### Assigned task
Transcribe the records below exactly as they appear, omitting any pictures.

※ ※ ※

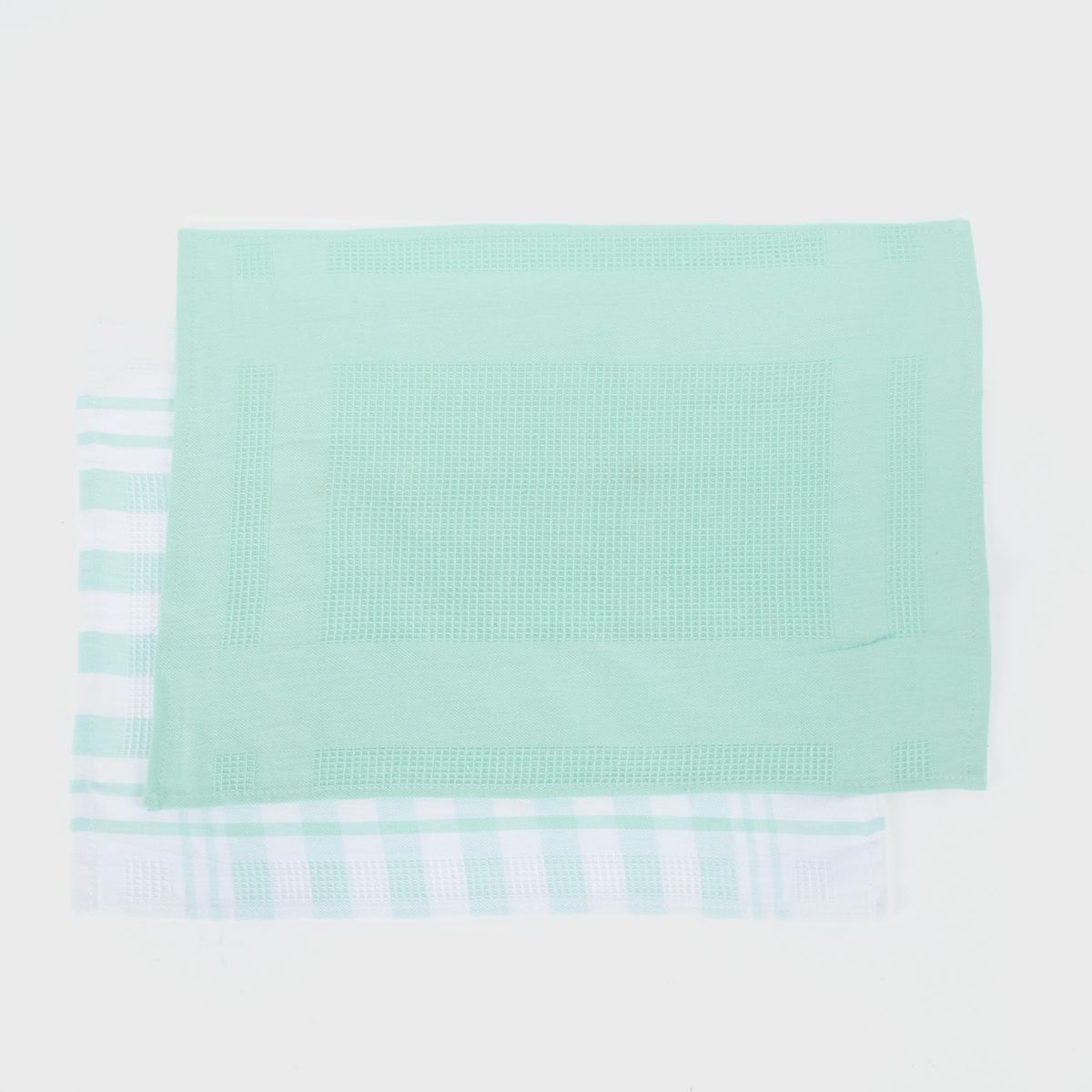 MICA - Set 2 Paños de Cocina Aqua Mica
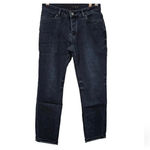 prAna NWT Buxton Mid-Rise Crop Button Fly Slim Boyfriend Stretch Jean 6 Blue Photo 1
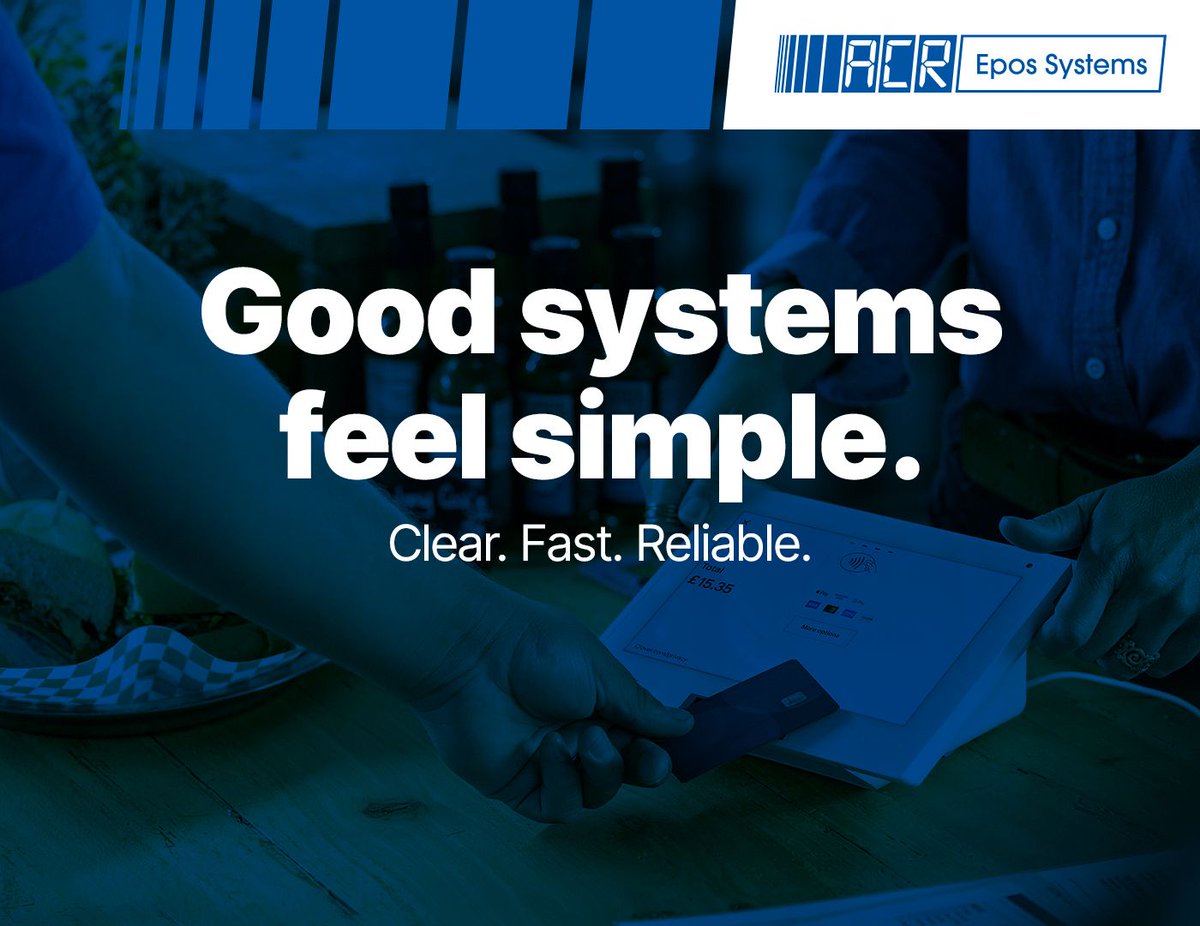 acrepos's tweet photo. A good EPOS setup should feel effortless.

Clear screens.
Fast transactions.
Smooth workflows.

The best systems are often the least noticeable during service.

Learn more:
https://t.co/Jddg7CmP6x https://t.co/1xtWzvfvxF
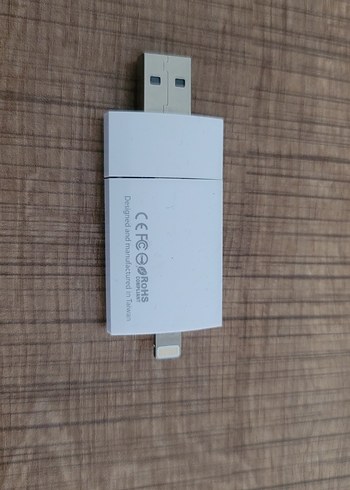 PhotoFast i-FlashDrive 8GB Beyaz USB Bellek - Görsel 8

※ ※ ※

### Response to this task
 MICA - Set 2 Paños de Cocina Aqua Mica
 prAna NWT Buxton Mid-Rise Crop Button Fly Slim Boyfriend Stretch Jean 6 Blue Photo 1
 acrepos's tweet photo. A good EPOS setup should feel effortless.

Clear screens.
Fast transactions.
Smooth workflows.

The best systems are often the least noticeable during service.

Learn more:
https://t.co/Jddg7CmP6x https://t.co/1xtWzvfvxF
 PhotoFast i-FlashDrive 8GB Beyaz USB Bellek - Görsel 8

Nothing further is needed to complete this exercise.